Monday, March 23, 2009

Saramago's blog.

I don't know how it took me so long to find this out, but
José Saramago has a blog. (Linked in the title of this entry.)
Downside to it being my foolish decision to opt for German
as my second language years ago, because it is available in
Portugese (which wasn't really an option for me, so I'll let
myself slide) and Spanish (which would've been a bit more
useful, but what can you do?) which every American should
have a working knowledge of, beyond my current capacity, which
is knowing how to get beer, cigarettes, matches and meals and
little else.

Twice as irksome is that the entries are timely. His latest entry
is on El Salvador. Running it through an autotranslation program
is pretty useful. One can read around the inborn vicissitudes of
such a thing and get at the meat, if not the marrow.

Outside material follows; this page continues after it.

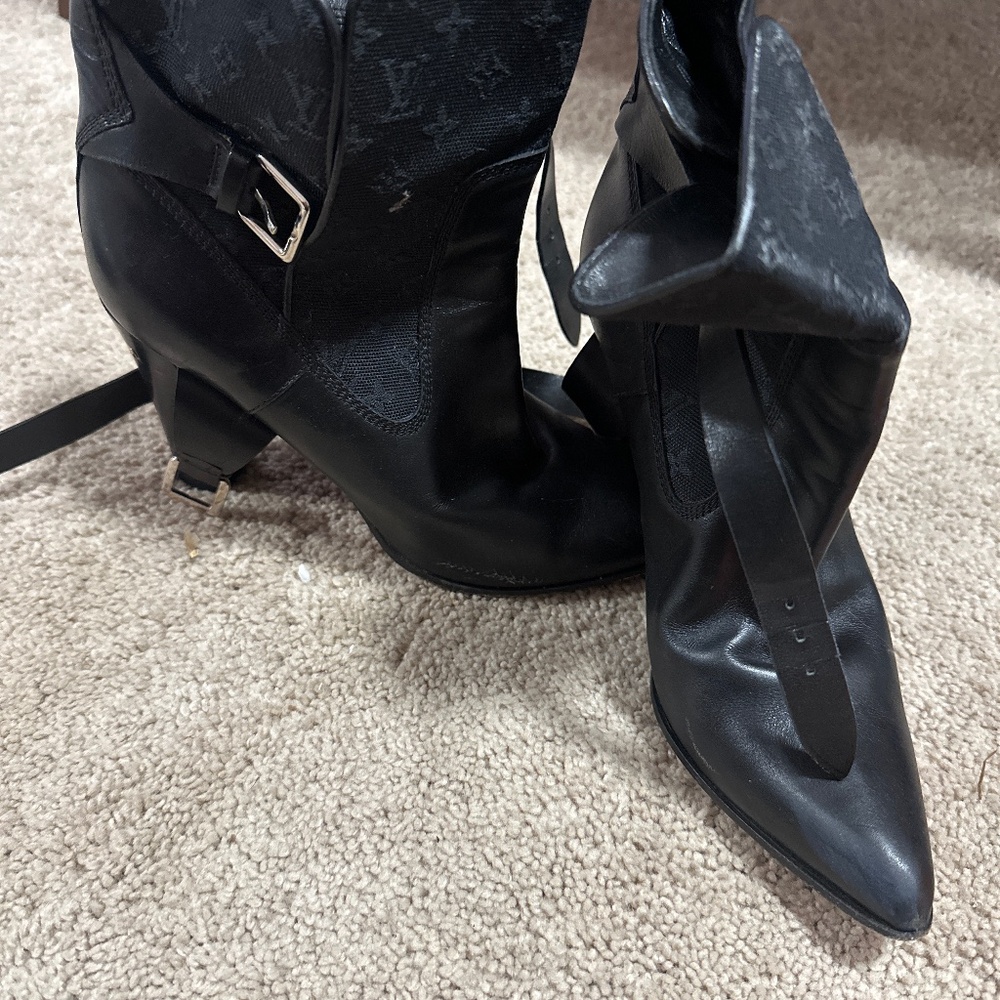 Louis Vuitton ankle boots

I am wont to ruminate on good ole José, who becomes more of
an influence with every passing month. His beauty is his existence
in-between existences, his prose veering betwixt epic and plainspoken,
his characters occupying the terra while straddling some subatomic
plane (or Plain? both, I think) that becomes more real than the
seemingly physical world they find themselves thrust back into,
his "dialogue" or, in this case, Dialogue, at times mystical and
common. If there is a more important living author, I'd be keen on
getting whatever s/he has composed.

It doesn't hurt that his politics are as in line with my own as any
thinker I've been made aware of, and that his background is one
I can relate to, inasmuch as an American in his early (early, I tell
you!) thirties can to a Portugese man in his late eighties. In lieu of
language acquisition, I'll be copying and pasting to autotranslate.


In unrelated, sad news, Nicholas Hughes has committed suicide
in Alaska. His life, of course, was his own, and it is somewhat jarring
to see the headlines of "Sylvia's son," which set a backdrop to
a host of complications none of us can imagine, but it is natural
if discourteous to see this as yet another horrific footnote in an
ongoing tale of woe. Incredibly sad stuff.